Hoy, lejos de los días rancios que vendrán, dice que ser paseadora la hace feliz. Tiene en total 18 perros. De yapa: Atila, una pequinés de 16 años, que está tan vieja y enferma que la saca a la calle con suero.
En el penal La Rusita hizo el CBC de Sociología. Confiesa que le hubiera gustado trabajar en una pescadería: filetear, cortar los pescados, agarrar un pulpo con la mano. Ahora quiere estudiar enfermería.

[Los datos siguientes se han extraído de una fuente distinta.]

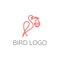 Bird flamingo logo design template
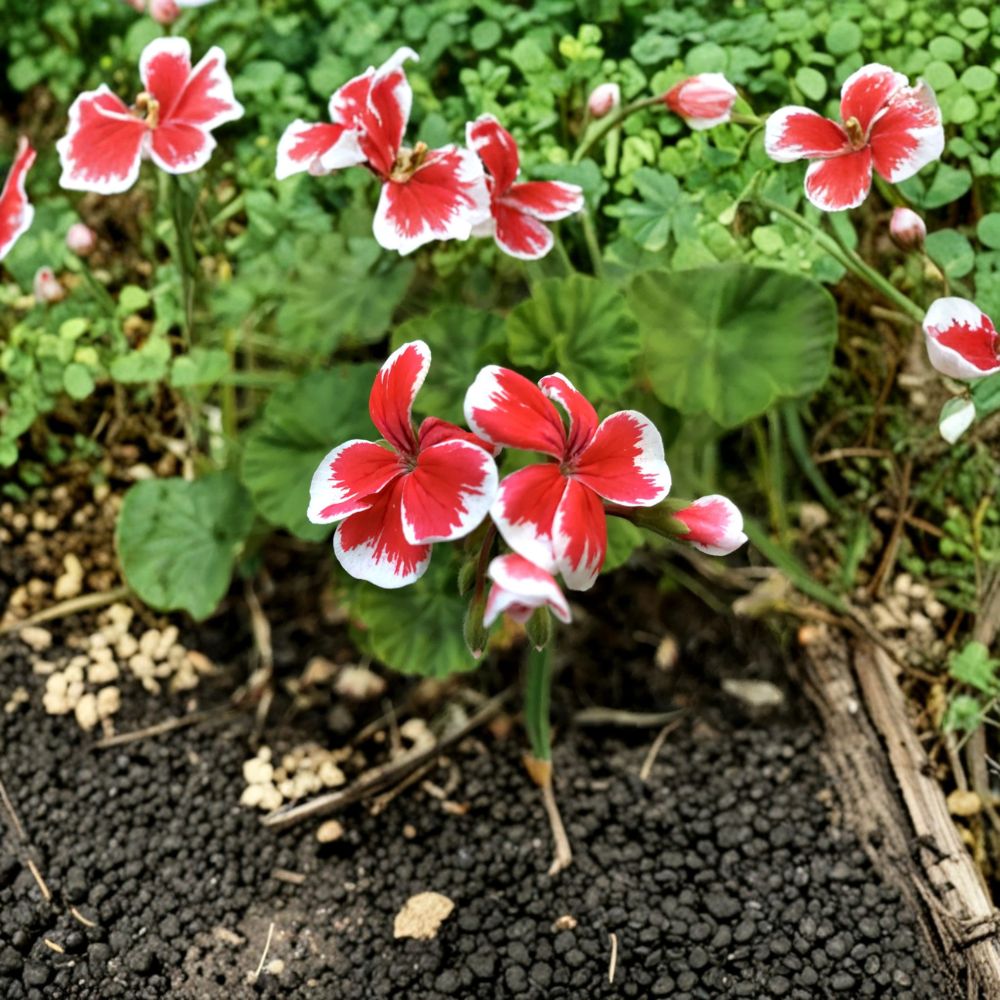 Rare Red & White Zonal Geranium Cutting – Pelargonium Starter Plant, Hardy Flowering Indoor & Garden Plant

La internación del Indio la terminó decidir. Se turnaban para cuidarlo con Spilo. Él vio los partidos del Mundial sentado a los pies de su cama. Ella se la pasó rezongando de las enfermeras:
- Son guachas, son pibas jóvenes y una mala ooonda. Loca: estudiaste, te recibiste, tenés laburo, sos joven y exitosa, ¿por qué tenés que tener esa cara de orto si vos estás curando y el que sufre es el que está en la camilla? Hacele una caricia en la cabeza, decile: negro vas a estar bien, explicale lo que le estás poniendo en la vena. Sonreí, loco. Yo me conformaría con hacer sentir bien a alguien poniéndole la chata en el orto. Cagaaa viejito que está todo bien.